Bitcoin’s price fluctuations have been taken as a sign for cryptocurrency’s resurgence from its seemingly ongoing crypto winter, which was further validated with Bitcoin’s recent $13,000 breach and the following surge in its market cap.
Supporting this trend, crypto enthusiasts have openly opined that the world’s largest cryptocurrency will continue its upward momentum till it reaches new all-time highs. Josh Rager, a popular analyst recently tweeted,
“$BTC pattern has been a strong uptrend followed back a sharp pullback & then range 2 to 3 weeks before continuation
Don’t take this chart too seriously, as no one can predict price action, but Bitcoin likely ranges here
Total guess if BTC continues uptrend to new ATH afterward.”

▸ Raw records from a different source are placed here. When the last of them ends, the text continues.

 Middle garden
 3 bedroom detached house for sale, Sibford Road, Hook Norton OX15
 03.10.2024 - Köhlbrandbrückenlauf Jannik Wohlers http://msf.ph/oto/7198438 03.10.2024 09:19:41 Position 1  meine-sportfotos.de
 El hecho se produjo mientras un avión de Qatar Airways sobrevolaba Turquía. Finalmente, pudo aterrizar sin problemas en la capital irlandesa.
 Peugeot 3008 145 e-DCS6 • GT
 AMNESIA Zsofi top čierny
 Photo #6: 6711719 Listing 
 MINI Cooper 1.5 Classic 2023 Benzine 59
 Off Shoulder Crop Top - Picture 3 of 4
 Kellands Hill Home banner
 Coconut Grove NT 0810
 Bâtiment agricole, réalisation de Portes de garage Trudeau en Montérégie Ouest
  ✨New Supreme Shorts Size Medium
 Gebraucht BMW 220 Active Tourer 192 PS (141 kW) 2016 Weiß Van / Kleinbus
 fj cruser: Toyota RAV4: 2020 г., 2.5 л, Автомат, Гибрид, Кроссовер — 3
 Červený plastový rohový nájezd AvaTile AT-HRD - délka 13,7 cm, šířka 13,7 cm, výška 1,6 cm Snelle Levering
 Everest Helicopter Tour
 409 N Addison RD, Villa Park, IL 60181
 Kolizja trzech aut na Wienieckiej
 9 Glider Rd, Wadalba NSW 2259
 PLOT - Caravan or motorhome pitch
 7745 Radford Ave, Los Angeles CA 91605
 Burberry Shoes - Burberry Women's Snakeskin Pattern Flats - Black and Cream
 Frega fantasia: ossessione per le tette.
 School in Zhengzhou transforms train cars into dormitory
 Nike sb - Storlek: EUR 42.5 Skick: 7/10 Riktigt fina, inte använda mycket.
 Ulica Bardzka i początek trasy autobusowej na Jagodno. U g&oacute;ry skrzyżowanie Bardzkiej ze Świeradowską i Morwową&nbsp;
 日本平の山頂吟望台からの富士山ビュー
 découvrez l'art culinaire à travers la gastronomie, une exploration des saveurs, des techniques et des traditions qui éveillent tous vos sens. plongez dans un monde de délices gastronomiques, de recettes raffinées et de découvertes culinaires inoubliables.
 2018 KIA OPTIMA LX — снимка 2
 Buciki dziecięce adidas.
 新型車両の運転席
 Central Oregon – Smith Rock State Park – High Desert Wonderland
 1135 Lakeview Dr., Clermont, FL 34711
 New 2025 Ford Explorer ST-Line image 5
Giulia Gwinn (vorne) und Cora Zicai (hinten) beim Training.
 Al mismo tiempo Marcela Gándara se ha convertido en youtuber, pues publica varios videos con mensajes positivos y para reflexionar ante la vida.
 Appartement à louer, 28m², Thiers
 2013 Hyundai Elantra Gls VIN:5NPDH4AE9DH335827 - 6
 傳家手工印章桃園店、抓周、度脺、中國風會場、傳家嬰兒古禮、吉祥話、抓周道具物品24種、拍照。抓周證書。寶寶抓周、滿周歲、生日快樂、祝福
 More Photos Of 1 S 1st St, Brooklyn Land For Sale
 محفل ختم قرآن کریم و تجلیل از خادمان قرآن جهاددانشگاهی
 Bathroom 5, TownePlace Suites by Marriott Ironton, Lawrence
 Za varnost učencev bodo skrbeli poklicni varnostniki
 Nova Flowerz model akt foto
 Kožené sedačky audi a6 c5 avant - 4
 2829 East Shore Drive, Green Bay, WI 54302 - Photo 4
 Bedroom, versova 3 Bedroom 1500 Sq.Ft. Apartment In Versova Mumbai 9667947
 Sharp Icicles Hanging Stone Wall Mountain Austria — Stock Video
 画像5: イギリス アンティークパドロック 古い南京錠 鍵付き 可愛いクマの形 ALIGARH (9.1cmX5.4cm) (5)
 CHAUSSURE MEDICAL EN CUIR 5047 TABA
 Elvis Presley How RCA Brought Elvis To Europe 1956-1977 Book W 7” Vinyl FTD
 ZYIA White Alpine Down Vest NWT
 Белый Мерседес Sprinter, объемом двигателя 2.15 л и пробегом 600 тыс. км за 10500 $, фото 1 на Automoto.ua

As evidenced by the chart above, Bitcoin’s gradual climb since June 19 met a roadblock on June 26 when a massive bear pull dropped the price to $11147.35. The Chaikin Money Flow indicator also favored Bitcoin as it showed a greater capital inflow into the BTC market. While this development can be attributed to the entry of institutional players into the cryptocurrency industry, the inherent increase in volume movement also poses a direct impact on the market’s volatility.
At press time, Bitcoin held a trading value of $11,208.74 with a total market cap of $199.919 billion. The cryptocurrency sported a 24-hour trading volume of $19.753 billion, which was mainly split between CoinBene and OEX. Unlike other competing altverse, Bitcoin’s trading volume was almost evenly distributed throughout various exchanges rather than being concentrated on individual platforms.
Additionally, Bitcoin’s recent hash rate increase has also enabled the mining community to support and fuel the crypto ecosystem’s inevitable growth. While the cryptospace currently witnesses its peak in terms of adoption, seasoned users hold on to their concerns surrounding BTC’s impending downfall. Analysts from popular platforms like CNBC, however, were of the opinion that holders should see Bitcoin’s surge as positive and go long on their investments.